How to complete this task: Your answer must repeat all of the entries word for word, without any images.

(Short descriptive text snippets)
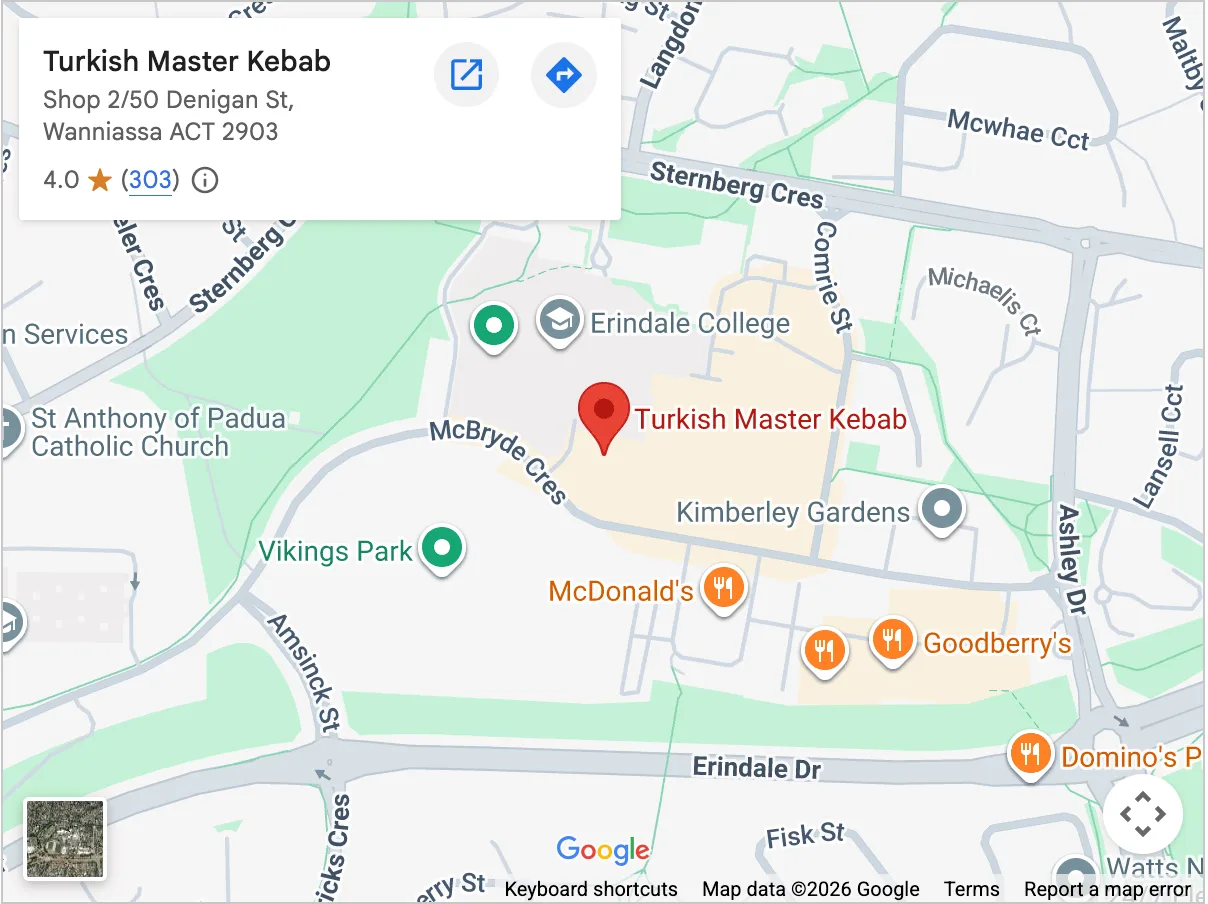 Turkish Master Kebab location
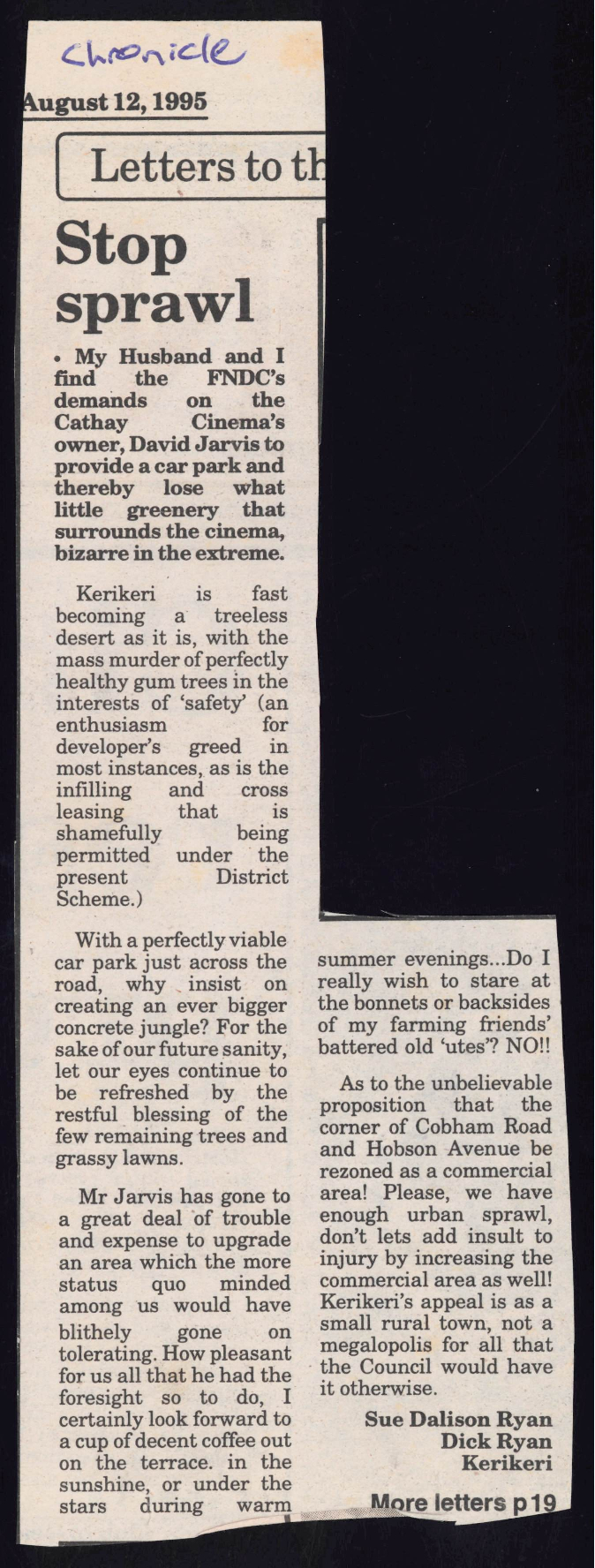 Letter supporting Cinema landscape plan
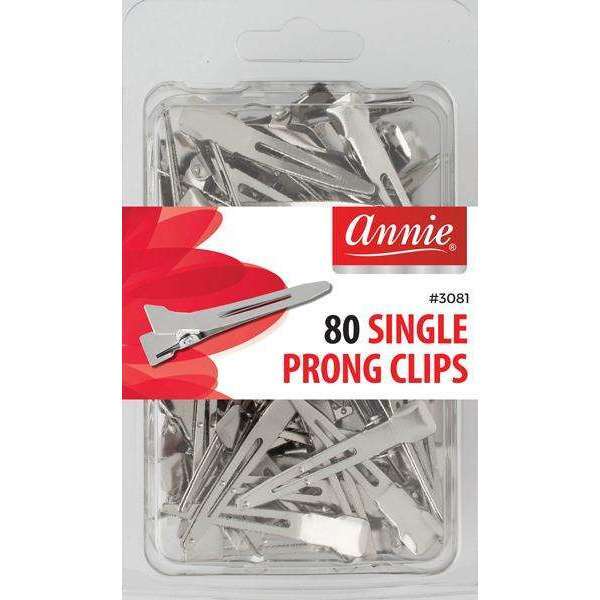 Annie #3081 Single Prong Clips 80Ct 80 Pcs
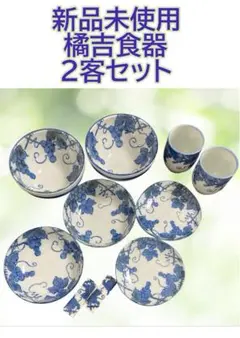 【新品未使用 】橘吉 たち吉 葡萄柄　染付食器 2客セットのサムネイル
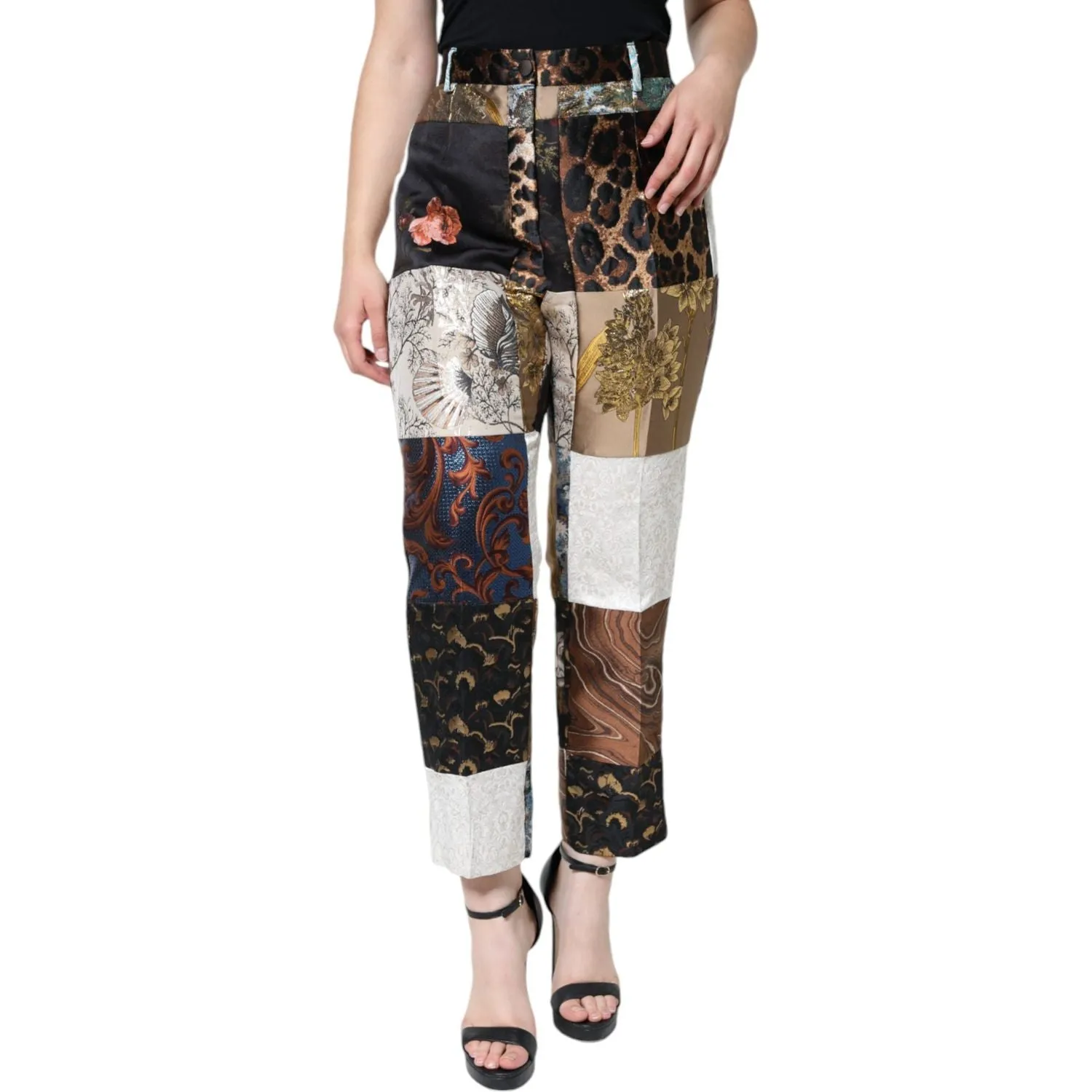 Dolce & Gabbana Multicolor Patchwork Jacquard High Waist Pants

Exercise result:
 Turkish Master Kebab location
 Letter supporting Cinema landscape plan
 Annie #3081 Single Prong Clips 80Ct 80 Pcs
 【新品未使用 】橘吉 たち吉 葡萄柄　染付食器 2客セットのサムネイル
 Dolce & Gabbana Multicolor Patchwork Jacquard High Waist Pants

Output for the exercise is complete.